Start of Entries provided

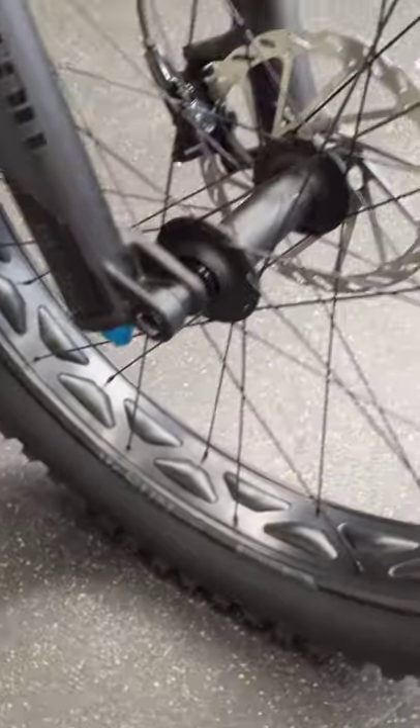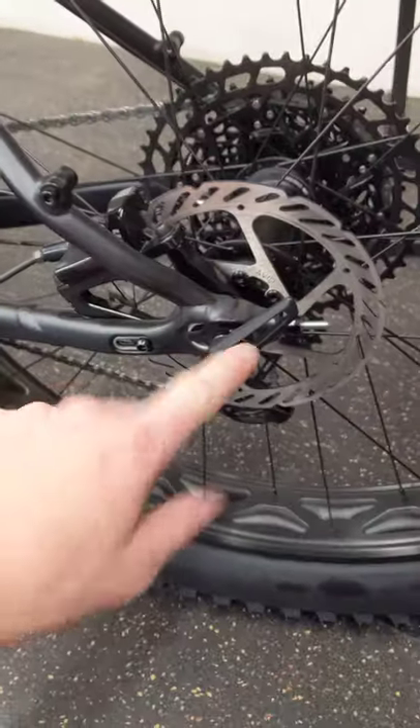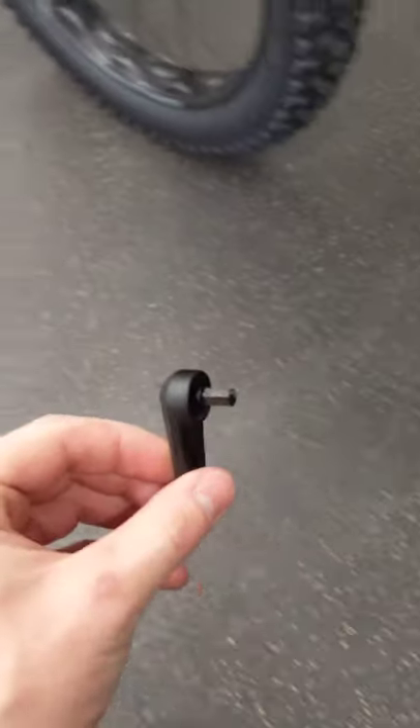Do you have a bike like this and ever wonder how to take off the front wheel? Well, you go to the back, grab this, give it a pull, and it comes out.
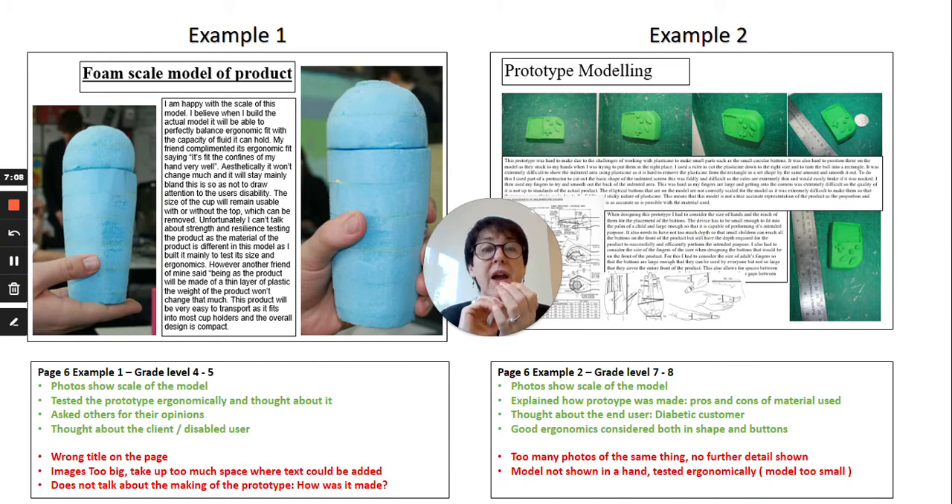The example on the right is a small plasticine prototype made for a diabetic user — it's a way of measuring insulin levels in a Game Boy style. He's put lots of photographs on the page, but quite a lot of them are the same picture from different angles, which doesn't add much. It would be better to zoom in for more detail. However, in his text he's covered quite a lot: how the prototype works, how he tested it against the end user, and ergonomics — including the scale of the human hand, the size and position of buttons, the size of the screen, and the smoothness and curve on the edges.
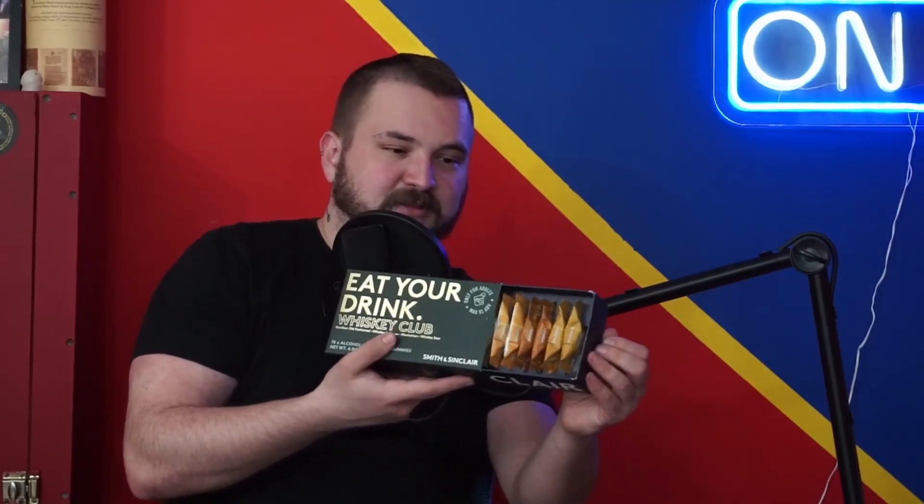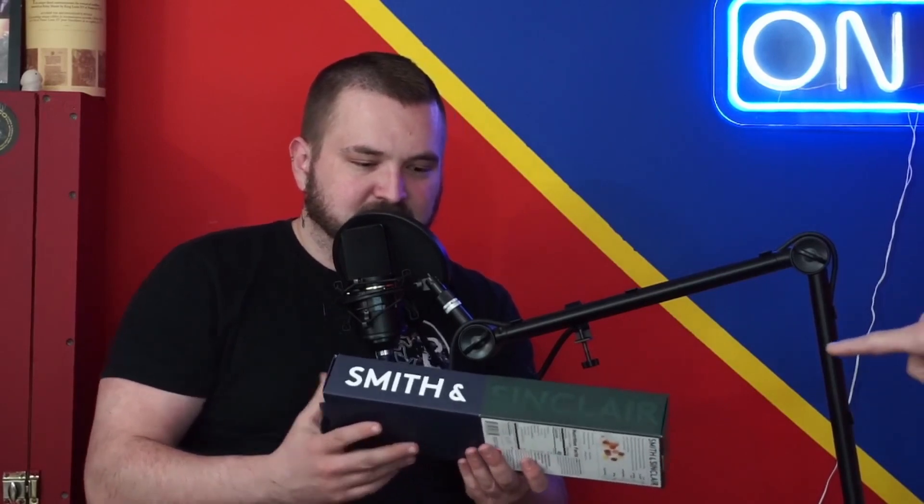Do you want a snack? Yes, I do. We got these from Chrissy. Those are expensive. You can eat them — no booze, well, we're going to try them. So we got bourbon whiskey gummies. I love how it's a Smithson clear box and then you open it and it's — that's Apple-level packaging.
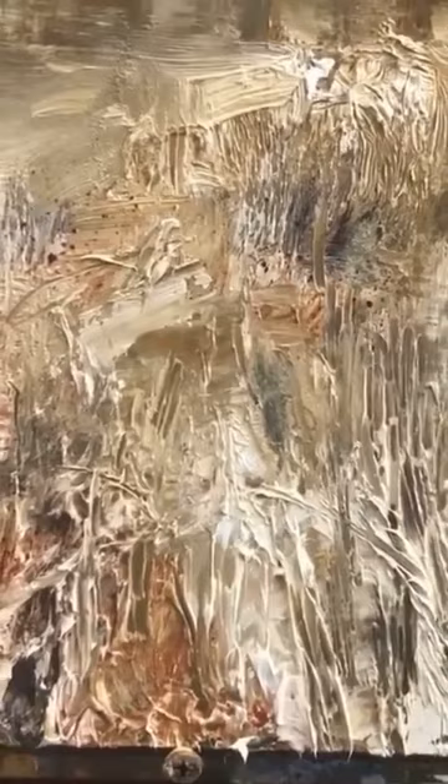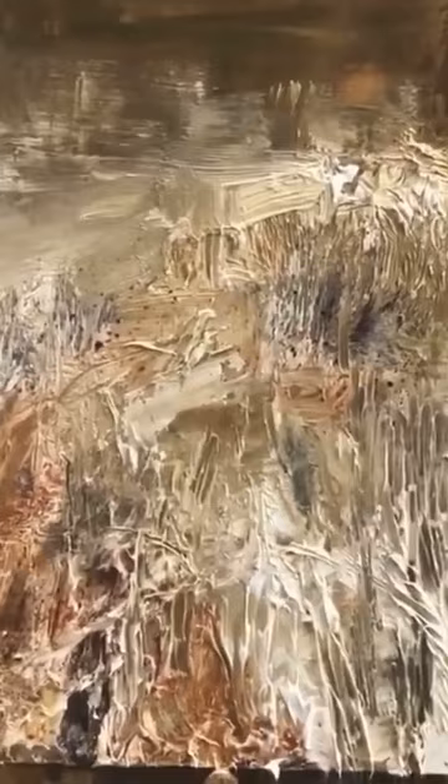This was mostly titanium paint, a little bit of other color mixed into it, as you can see that I put on very thickly. I even squeezed some of it right out onto the board, put it on with my palette knives and trowels and everything.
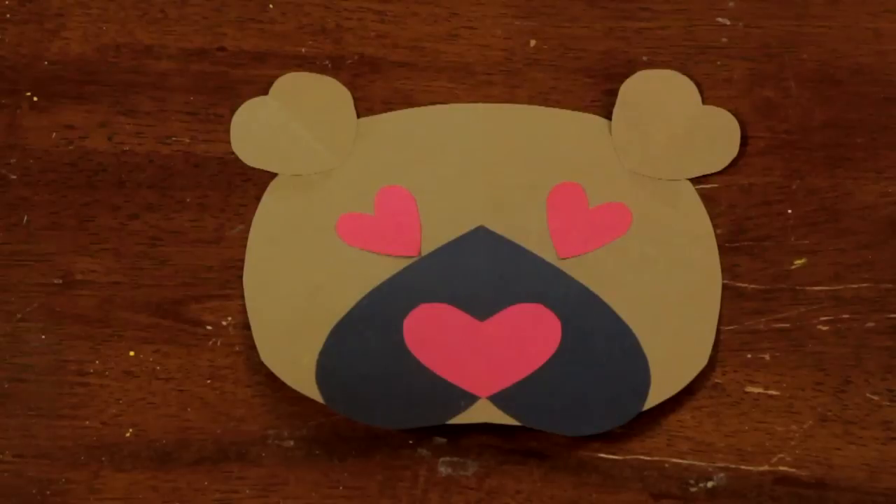Hi, I'm Sam Kelly. I'm an artist and educator and today I'm going to show you a teddy bear Valentine that you can make with your preschoolers.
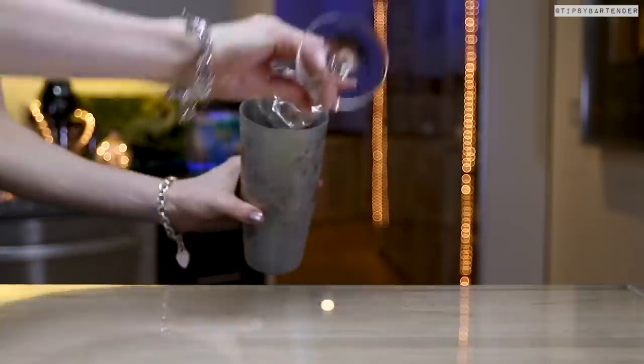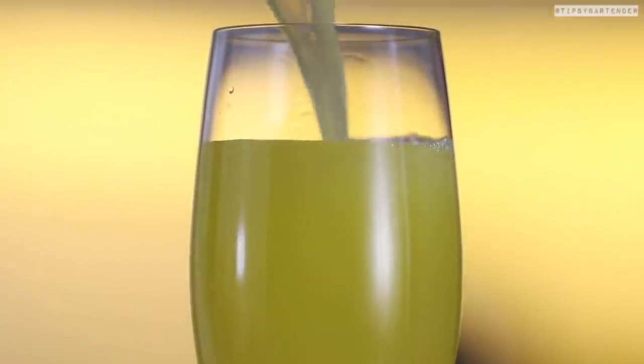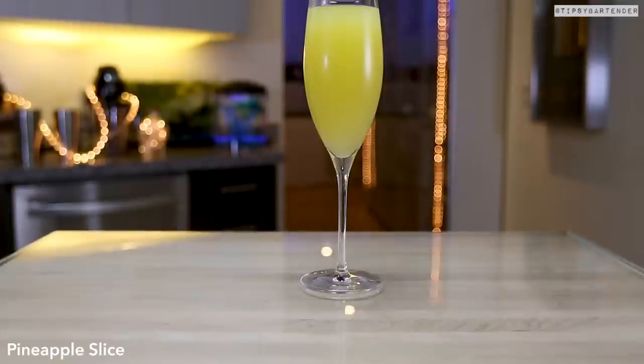We shake that. Get rid of our ice, pour that in. Matador right there. Let's come behind with a little pineapple garnish just to sexify, just to bring out the eyes.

End of Entries provided

Leave the pictures out, and copy exactly each line from the one containing "Do you want" through the final line of the data.

Result for this task →
Do you want a snack? Yes, I do. We got these from Chrissy. Those are expensive. You can eat them — no booze, well, we're going to try them. So we got bourbon whiskey gummies. I love how it's a Smithson clear box and then you open it and it's — that's Apple-level packaging.
This was mostly titanium paint, a little bit of other color mixed into it, as you can see that I put on very thickly. I even squeezed some of it right out onto the board, put it on with my palette knives and trowels and everything.
Hi, I'm Sam Kelly. I'm an artist and educator and today I'm going to show you a teddy bear Valentine that you can make with your preschoolers.
We shake that. Get rid of our ice, pour that in. Matador right there. Let's come behind with a little pineapple garnish just to sexify, just to bring out the eyes.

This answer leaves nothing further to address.